After the earthquake in 1906, the monument stood tall
amid the rubble. The recently constructed Hotel St. Francis, in majestic
ruins nearby, was rebuilt within a year. And one by one, elegant
department stores gathered where the churches had stood. In 1942 the
surface of the square was ripped off and replaced as the landscaped roof
to a four-level underground parking garage (the first of its kind in the
country). The city's habit of marrying technology and commerce
continued, for the garage offered valet parking, allowing shoppers to
walk directly from their last stop of the day to their waiting vehicle.
In those days, according to WPA chroniclers, Union Square represented
"to an international clientele and to San Franciscans the city's
traditional demand for quality." Even in the mid-1960s, Chronicle
writer James Benét noted that it was the spot where "the city earns its
world-wide reputation for handsome dress."
And
now? The St. Francis remains. So does the monument, its luster dulled by
generations of roosting pigeons and Filipino objections to the
Eurocentric inscription. The department stores are retrenching and
regrouping as suburban malls and catalogue shopping change retail
patterns. The square itself has grown dingy. In a city with a high
tolerance for trash, its level of litter is relatively low, but the
pavement and walls are embedded with substances better not investigated
too deeply, and even the floor of the automatic, self-cleaning J.C.

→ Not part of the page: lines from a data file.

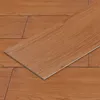 TolleTour Laminato vinilico 5m² Autoadesivo Marrone chiaro Anteprima dell’immagine prodotto 1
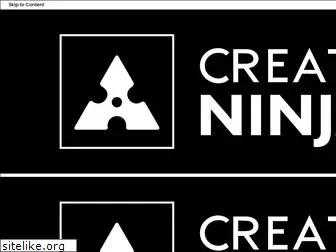 createninja.com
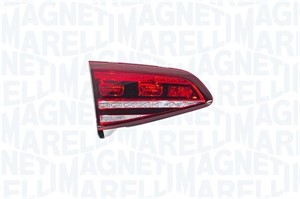 Takavalo, Oikea, vw golf vii, 5G0945308F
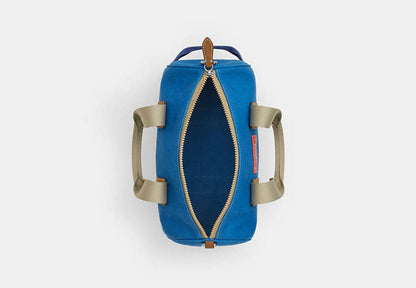 Expedition Duffle Bag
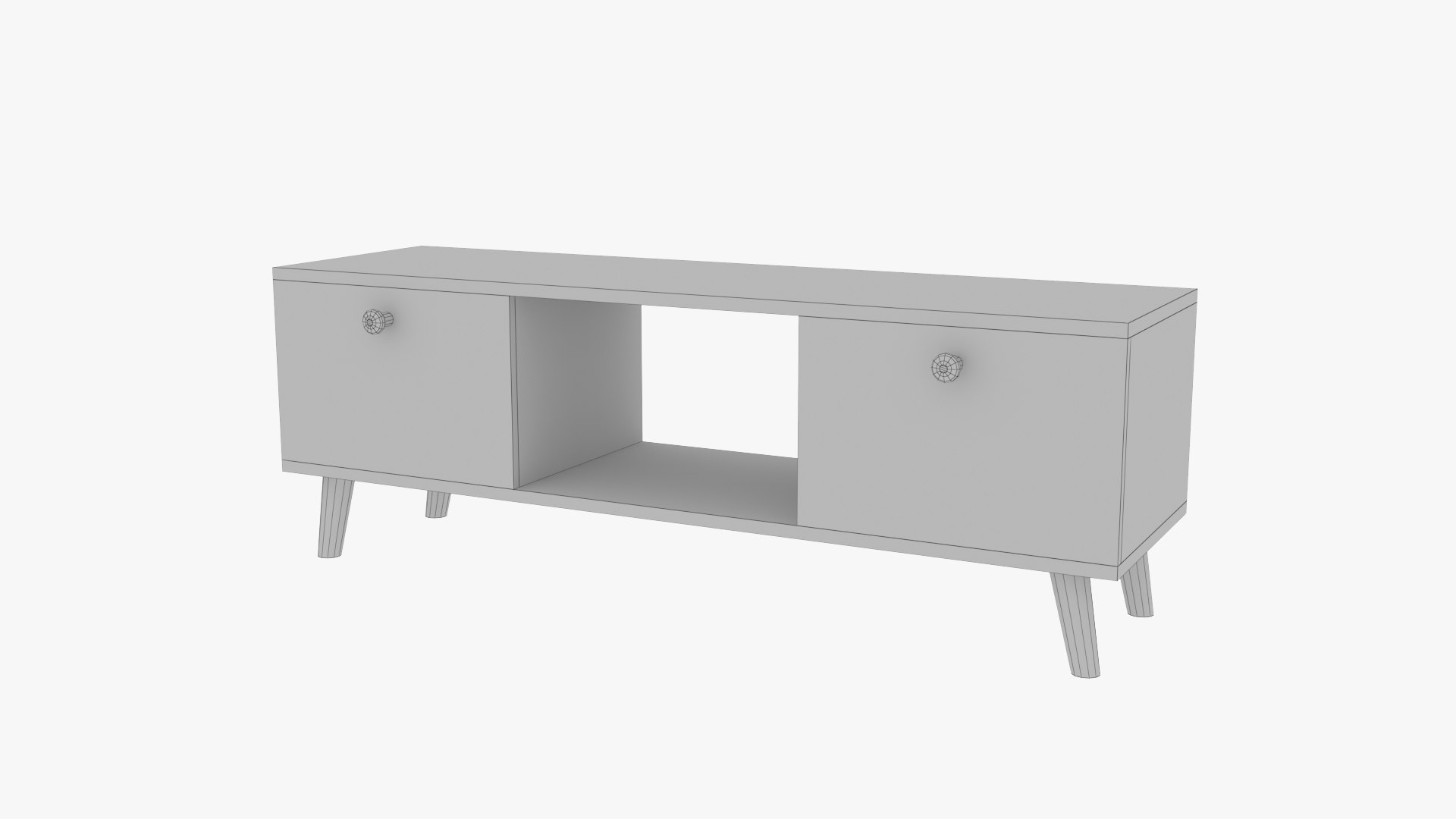 tv unit home model https://p.turbosquid.com/ts-thumb/V3/bbUjaP/mVO74zuJ/07/jpg/1589457530/1920x1080/fit_q87/31bd054aa87da2d2e4799de5411be691ab758207/07.jpg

DeCaux toilet would benefit from a good scrubbing. Grime and all, the
area gets a lot of use. On a recent afternoon when the cold summer fog
was numbing tourists' knees, the benches and lawns were filled:
well-dressed office workers, shivering foreign visitors, and shabby
street people talked, ate their lunch, or simply took a rest. At noon on
a sunny day when a band is playing, it's standing room only. But the San
Francisco Prize Coalition is right – we need a new design.
Macy's
and Company is trying desperately to revive the old role of the square
as a commercial catalyst. Instead of authorizing a Union Square Theme
Park – a sanitized haven for hordes of happy consumers – it would be far
more realistic, and far more fun, to redesign the space in explicit
recognition of its present uses. Capitalize, if you will, on the
wonderfully varied population that has long been part of San Francisco's
attraction. Keep the square simple, as befits its position between
Downtown and the Tenderloin. Keep it clean, as befits a city with pride
in itself. Fill it with flowers, as befits an oasis in the
middle
of a concrete wasteland. Make it friendly: remove the "No Loitering"
signs. Make it quieter: restrict traffic to Powell Street and the
existing one-lane route to and from the garage. Invite the people of San
Francisco, on a series of weekends, to sweep and polish and plant,
making this space truly their own. And then, echoing the five-day bash
that marked the rebirth of earthquake-ravaged Market Street in 1909,
have the happiest house-warming party imaginable.